As it is, Vanier has two warring characters: the old traditional village of Eastview underneath, and the newer city of Vanier over top, one defined by rules set in the 1980s.
“The Vanier plan imagined downtown Vanier being the primary employment centre,” explains Melanie Knight, the city planner in charge of the update. “The official plan policies are what you’d see 25 years ago, that encourage bigbox retail and the kind of office developments you see in business parks.”
Before amalgamation, Vanier’s planners had to follow provincial instructions that said municipalities had to imagine a downtown and the full array of business and housing types, even though Vanier was just a long walk from downtown Ottawa. The city plans that resulted were largely scooped up intact at amalgamation. They obeyed the law but didn’t make much sense even when they were written, let alone now, Knight says.
“Vanier was planning for itself as a whole city,” Bulthuis agrees. “We’re now one neighbourhood.”
Rideau-Vanier Councillor Mathieu Fleury says the idea is to update the rules so that Vanier becomes more a part of downtown Ottawa while keeping the important parts of the character it developed as a tiny, independent city.
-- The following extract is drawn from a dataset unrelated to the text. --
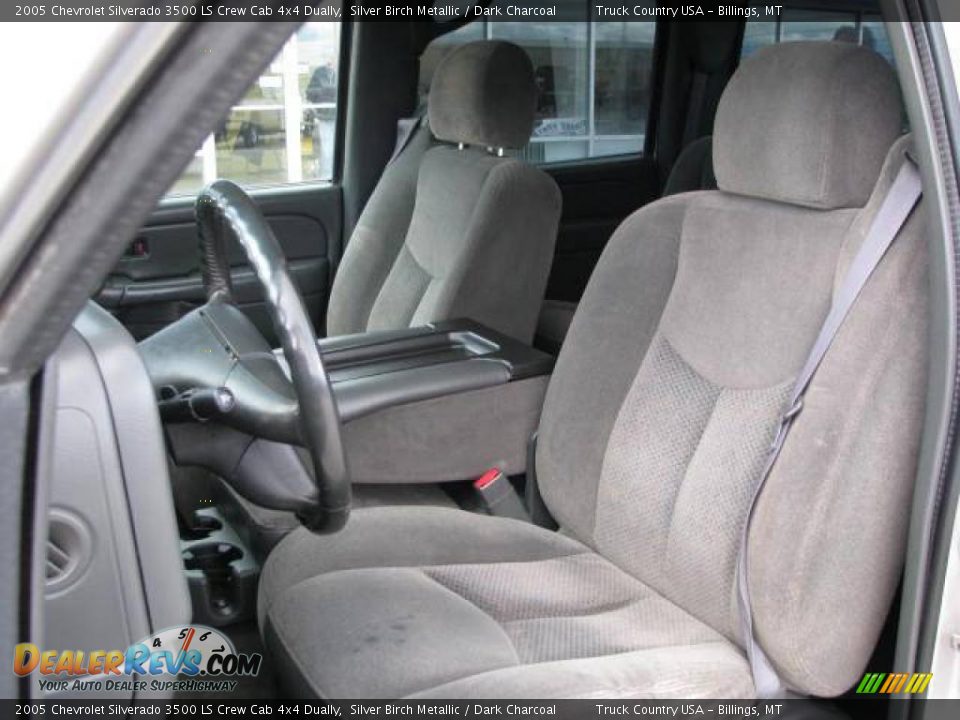 2005 Chevrolet Silverado 3500 LS Crew Cab 4x4 Dually Silver Birch Metallic / Dark Charcoal Photo #12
“You can consider Vanier in the greater downtown,” Fleury says, but things are allowed there that wouldn’t be allowed downtown. It’s easy to tear down houses to replace them with parking lots, for instance, something landlords have done to serve federal workers commuting to government offices. A Loblaws on McArthur Avenue was redeveloped with a great big parking lot out front, he pointed out as an example, the kind of thing Westboro residents went to war to stop in their neighbourhood after amalgamation.
“We’re not trying to remove all the parking spots, but we’re trying to be more consistent and have a goal there,” Fleury says.
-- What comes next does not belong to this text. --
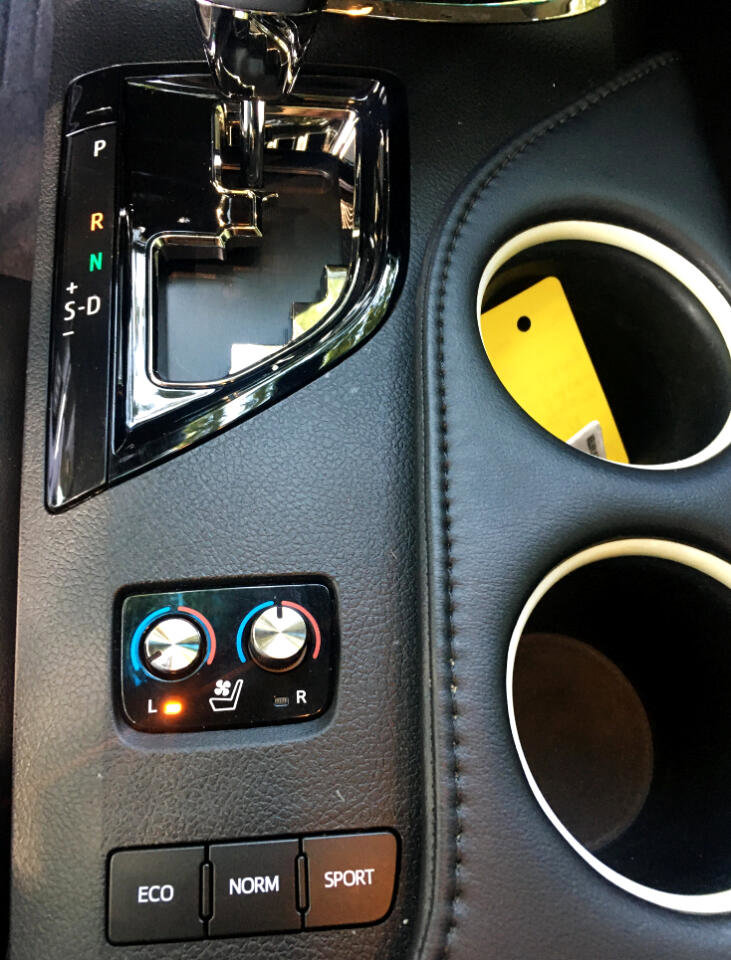 Used 2018 Toyota Avalon XLE Premium image 32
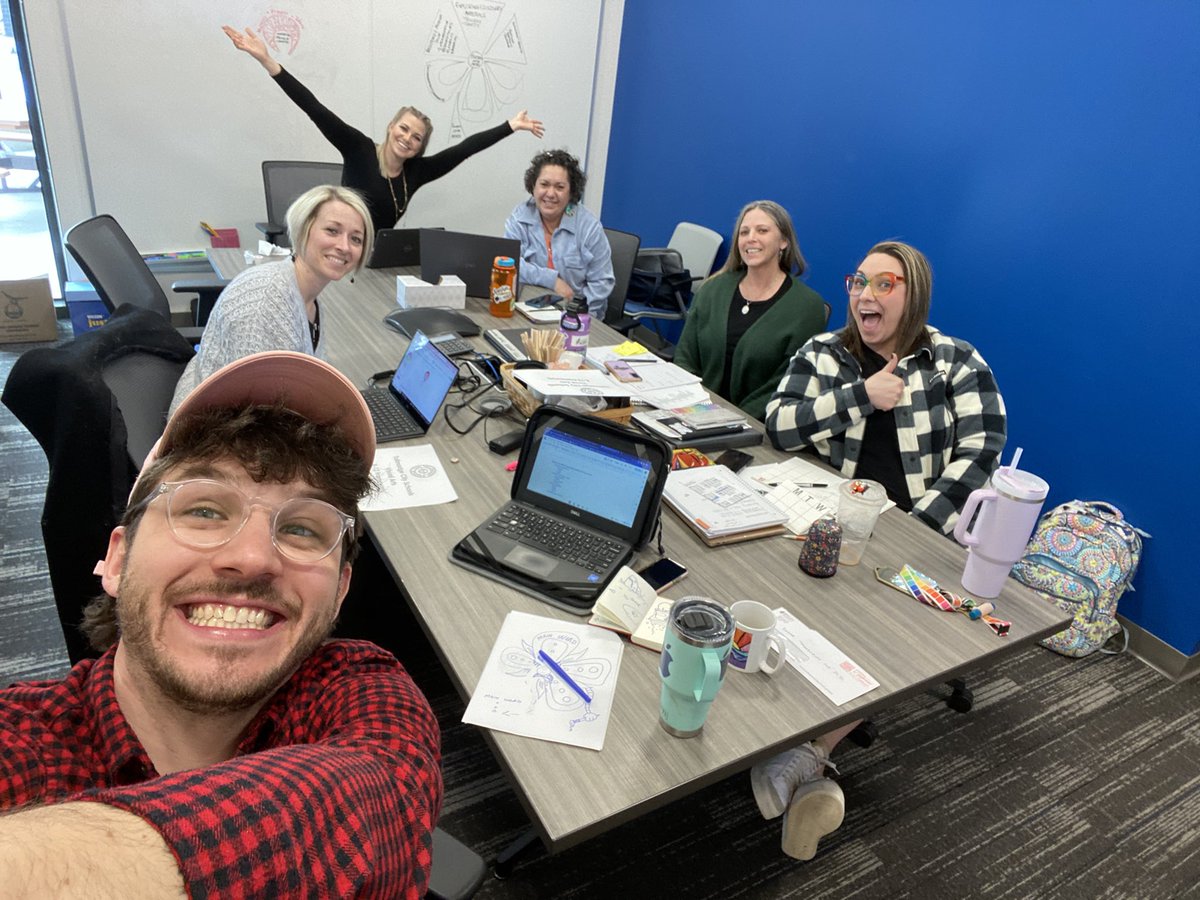 Enjoyed spending the afternoon with this awesome group of art educators, working on our Portrait of an Artist and our K-12 Visual Arts Framework. #TallmadgeCurriculum 💙💛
Especially on Montreal Road, Vanier’s zoning rules allow a sawtooth of heights — up and down and up and down. “And in some cases, the up is in places where we wouldn’t think it made sense to put up today,” Knight says. She hopes to rationalize the zoning to the city’s usual standard of roughly six storeys on main streets, typically with apartments and condominiums over street-front stores. The current rules limit the residential space in the areas designated for commercial uses, what was once a desperate attempt to keep housing from taking over a “business district” where not many people were interested in building offices.
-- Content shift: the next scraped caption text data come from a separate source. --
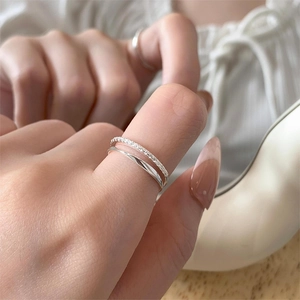 Elegant S925 sterling silver double layer chain ring with zircon pavé on model's hand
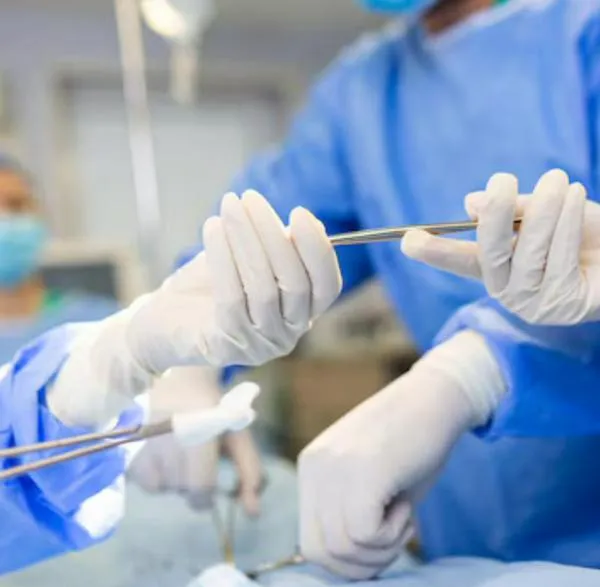 Error médico: hombre murió porque cirujano le extirpó el órgano equivocado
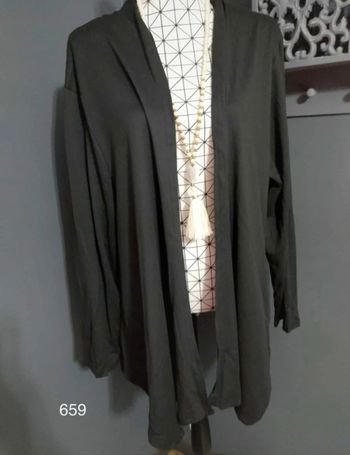 Cardigan Noir Court Grande Taille 54 – Élégant, Léger et Polyvalent 🖤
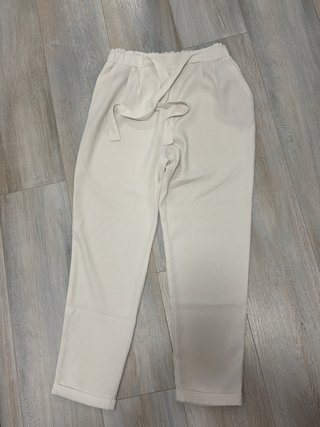 Pantalones blancos con cinturón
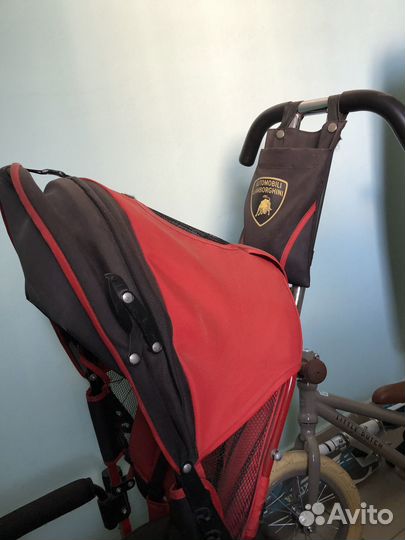 Детский трехколёсный велосипед Lamborghini б/у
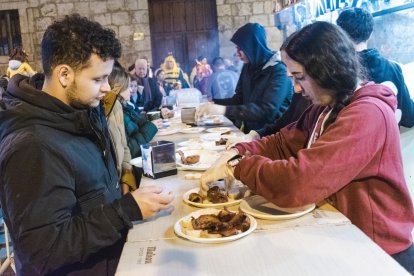 Instante del entierro de la Sardina del Carnaval de Burgos 2024.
Tall buildings more likely belong along the Vanier Parkway, where the Cummings Bridge comes into the neighbourhood from Sandy Hill and Lowertown across the Rideau River, Fleury says. Done properly, they’d form a gateway to the community, possibly enhanced by a more literal gateway feature akin to the Chinatown Arch on Somerset Street.
“Maybe a commemoration of (former governor general) Georges Vanier,” Fleury tosses out.
Montreal and McArthur should attract business from north and south and be prime shopping territory for new residents at CFB Rockcliffe once it begins to be redeveloped, he says.
Knight is organizing an open house to gather ideas at the end of the month (she’s yet to book a room at the community centre but hopes to start publicizing it imminently), and there’ll be at least one more. Since the idea is to modernize the plan for Vanier, not devise a brand-new one, she hopes to have the work all done and ready for councillors to vote on in May.
Bulthuis’s association hasn’t been involved much yet, but Knight is just getting started. He’s looking forward to it, he says.
“Right now it appears very technical, and maybe we can unpack it to talk about what kind of Montreal Road we want,” he says.